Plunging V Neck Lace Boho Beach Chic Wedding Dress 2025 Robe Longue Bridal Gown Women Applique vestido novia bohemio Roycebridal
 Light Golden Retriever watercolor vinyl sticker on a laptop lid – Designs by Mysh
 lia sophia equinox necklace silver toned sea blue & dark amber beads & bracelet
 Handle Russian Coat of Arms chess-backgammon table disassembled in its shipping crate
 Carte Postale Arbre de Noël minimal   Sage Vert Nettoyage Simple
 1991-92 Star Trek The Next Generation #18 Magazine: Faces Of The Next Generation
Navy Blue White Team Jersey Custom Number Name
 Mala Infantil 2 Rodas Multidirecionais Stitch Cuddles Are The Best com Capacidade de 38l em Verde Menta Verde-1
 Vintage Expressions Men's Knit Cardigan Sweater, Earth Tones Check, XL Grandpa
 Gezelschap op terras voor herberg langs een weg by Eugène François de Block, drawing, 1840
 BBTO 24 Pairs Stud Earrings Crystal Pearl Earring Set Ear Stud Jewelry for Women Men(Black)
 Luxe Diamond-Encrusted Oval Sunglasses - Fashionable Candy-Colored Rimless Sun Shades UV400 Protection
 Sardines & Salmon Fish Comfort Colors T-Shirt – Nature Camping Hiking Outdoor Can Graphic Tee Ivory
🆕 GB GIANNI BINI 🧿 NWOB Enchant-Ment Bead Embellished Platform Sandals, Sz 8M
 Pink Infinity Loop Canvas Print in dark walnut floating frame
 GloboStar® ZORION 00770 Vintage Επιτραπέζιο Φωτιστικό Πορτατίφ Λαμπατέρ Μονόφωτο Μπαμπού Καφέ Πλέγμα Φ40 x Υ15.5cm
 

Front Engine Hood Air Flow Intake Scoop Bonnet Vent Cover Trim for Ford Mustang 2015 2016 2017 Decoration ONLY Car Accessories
________________________
Where the string "dark" occurs in the data, return the whole line.

 lia sophia equinox necklace silver toned sea blue & dark amber beads & bracelet
 Pink Infinity Loop Canvas Print in dark walnut floating frame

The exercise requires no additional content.